WHAT THE EXERCISE ASKS - Copy out exactly the stretch below, from the line with "Sử dụng đầu" through the line with "krooneend, Houten, Krooneend", both included; the pictures stay out.

DATA SUPPLIED -
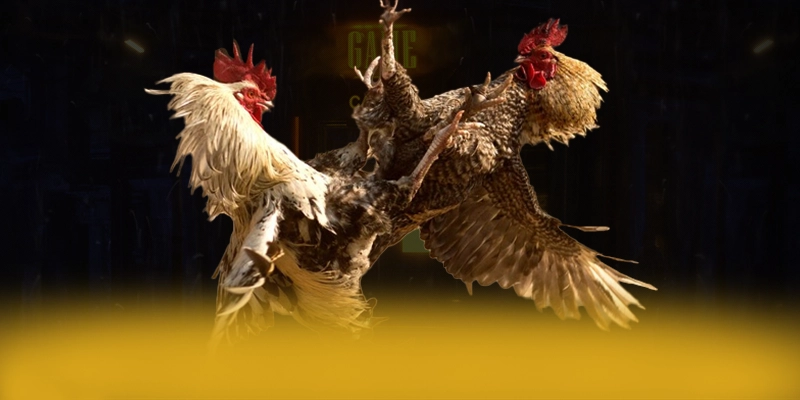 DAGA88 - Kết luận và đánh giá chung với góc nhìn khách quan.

--

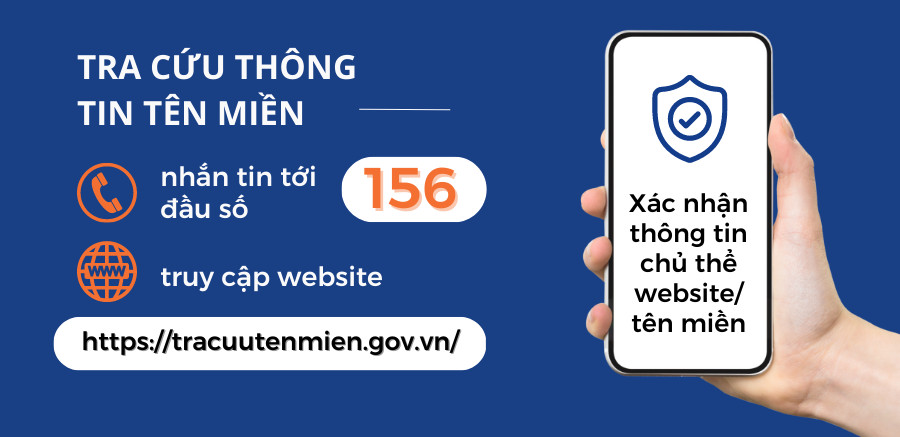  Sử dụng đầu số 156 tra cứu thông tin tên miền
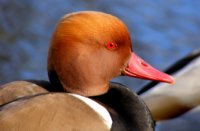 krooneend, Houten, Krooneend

* * *

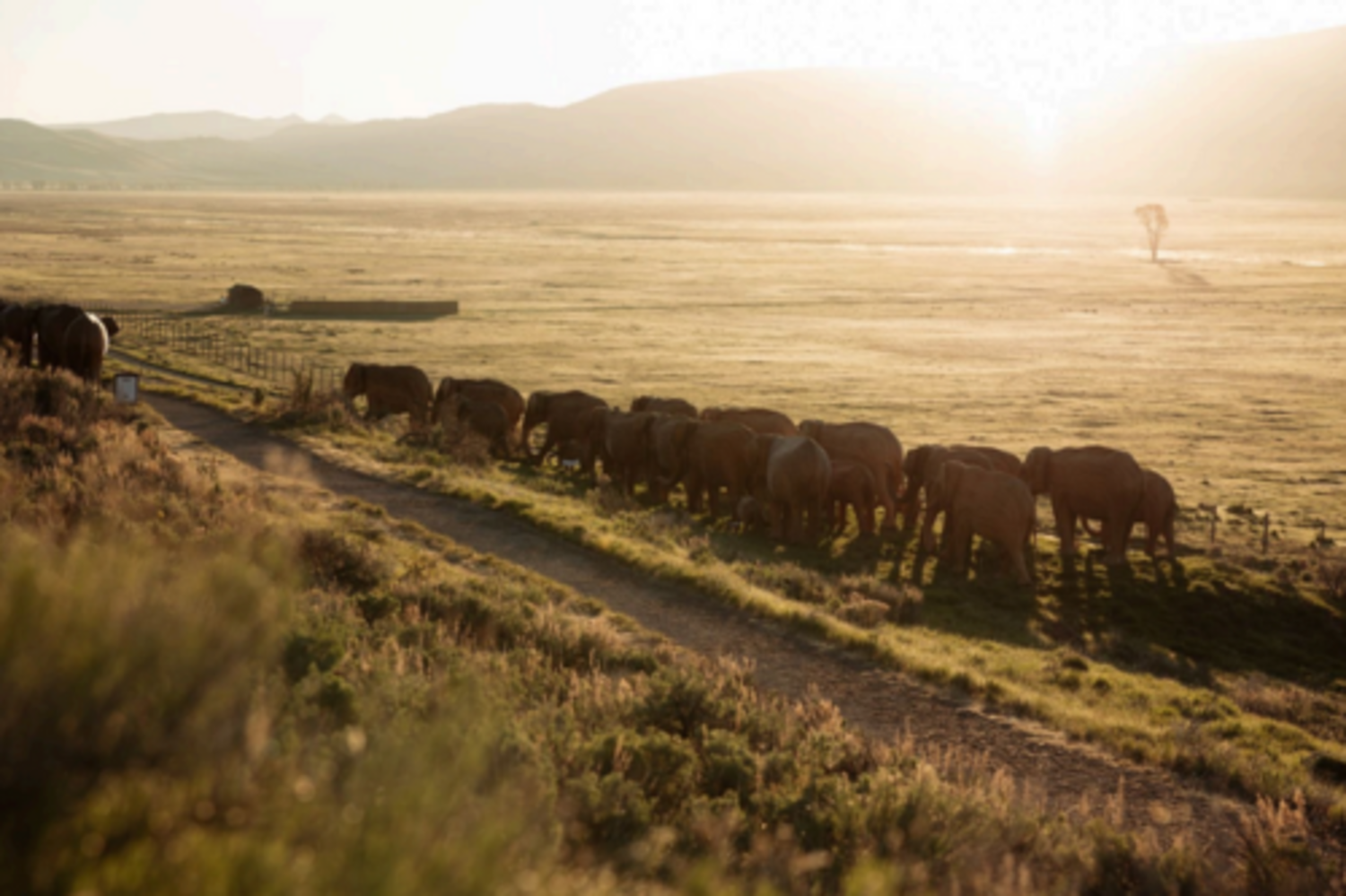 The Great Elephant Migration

WRITTEN RESPONSE -
  Sử dụng đầu số 156 tra cứu thông tin tên miền
 krooneend, Houten, Krooneend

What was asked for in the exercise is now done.